Nutrition around workouts does not need to be complicated. Most of the confusion comes from fitness content that treats everyday exercisers like competitive athletes. Unless you are training twice a day or preparing for a competition, pre- and post-workout nutrition is less about precision and more about getting the basics right consistently.
The basics: eat carbohydrates before you train for energy, eat protein after you train for muscle repair, and do not overthink the timing window as much as fitness culture suggests you should.
Before your workout
The goal of pre-workout eating is fuel. Carbohydrates are the body's preferred fuel source for exercise, particularly anything intense. A meal or snack with carbohydrates and a small amount of protein one to two hours before training works well for most people. A banana with peanut butter, oatmeal with fruit, toast with eggs, these are all reasonable options that do not require preparation or planning.
If you are training within 30 minutes of eating, go smaller and simpler. A piece of fruit, a rice cake, a small handful of crackers. The goal is to top off glycogen stores without having undigested food sitting in your stomach when you start moving. Fat slows digestion, so keep pre-workout fat low, especially close to training time.
Fasted training, working out without eating beforehand, is fine for sessions under 60 minutes at moderate intensity. Many people prefer it and perform well with it. If you feel weak, dizzy, or unable to push intensity while fasted, eat something. Your body is telling you it needs fuel. Listen to it.
After your workout
Muscle protein synthesis, the process by which your muscles repair and grow after training, is elevated for several hours after exercise. Eating protein in that window supports the process. The old "anabolic window" idea, where you had to eat protein within 30 minutes or the workout was wasted, is not supported by current research. A meal or snack within two hours is sufficient.

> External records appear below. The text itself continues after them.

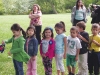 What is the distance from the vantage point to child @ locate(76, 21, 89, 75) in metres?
6.35

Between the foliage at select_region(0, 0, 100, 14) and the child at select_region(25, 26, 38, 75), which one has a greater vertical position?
the child at select_region(25, 26, 38, 75)

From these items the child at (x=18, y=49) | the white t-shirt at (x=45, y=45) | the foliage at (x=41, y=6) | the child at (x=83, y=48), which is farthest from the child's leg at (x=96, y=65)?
the foliage at (x=41, y=6)

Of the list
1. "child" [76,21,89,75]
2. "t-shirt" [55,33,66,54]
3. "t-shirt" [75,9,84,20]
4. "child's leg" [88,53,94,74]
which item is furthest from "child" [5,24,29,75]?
"t-shirt" [75,9,84,20]

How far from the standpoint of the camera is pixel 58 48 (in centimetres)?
627

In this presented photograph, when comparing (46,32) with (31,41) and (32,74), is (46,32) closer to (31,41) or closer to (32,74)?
(31,41)

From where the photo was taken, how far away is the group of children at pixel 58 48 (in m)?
5.93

Aim for 20 to 40 grams of protein in your post-workout meal. That is approximately three to six eggs, a chicken breast, a large Greek yogurt, a cup of cottage cheese, or a protein shake. Pair it with carbohydrates to replenish glycogen and provide the insulin response that helps shuttle amino acids into muscle cells. A simple post-workout meal: salmon with rice and vegetables. Yogurt with granola and berries. A turkey sandwich.
Hydration matters as much as food. Sweat losses during exercise, even moderate exercise, can reduce performance and slow recovery if not replaced. Drink water before, during, and after training. A rough guide: drink enough that your urine is pale yellow within a couple of hours post-workout. Sports drinks are unnecessary for sessions under 90 minutes. Water and food are enough.
What most people get wrong
Overestimating calorie burn is the most common error. A 45-minute workout burns less than most people think, typically 200 to 400 calories depending on intensity and body size. Treating that burn as a license to eat several hundred extra calories in "healthy" food often erases the deficit entirely. If body composition is your goal, post-workout eating should refuel and repair, not compensate.
Undereating before hard sessions is the other common mistake. Some people restrict food before training in an attempt to maximize fat burning. The result is poor performance, lower intensity, and less muscle stimulation, which means less adaptation. The fat burning advantage of fasted training is marginal. The performance cost of severe restriction is not.
Practical defaults that actually work
If you train in the morning, a small carbohydrate snack 20 to 30 minutes before is enough. Eat a proper breakfast with protein afterward. If you train in the evening after work, eat a normal balanced lunch, have a light snack an hour before training if you are hungry, and include protein in your dinner. Do not stay up eating a special post-workout meal at 9 p.m. if your regular dinner already covered your nutritional needs.
Consistency in your overall diet matters far more than precise nutrient timing. A balanced diet with adequate protein spread across the day, roughly 0.7 to 1 gram of protein per pound of body weight, will support your training results regardless of the exact timing of individual meals around workouts.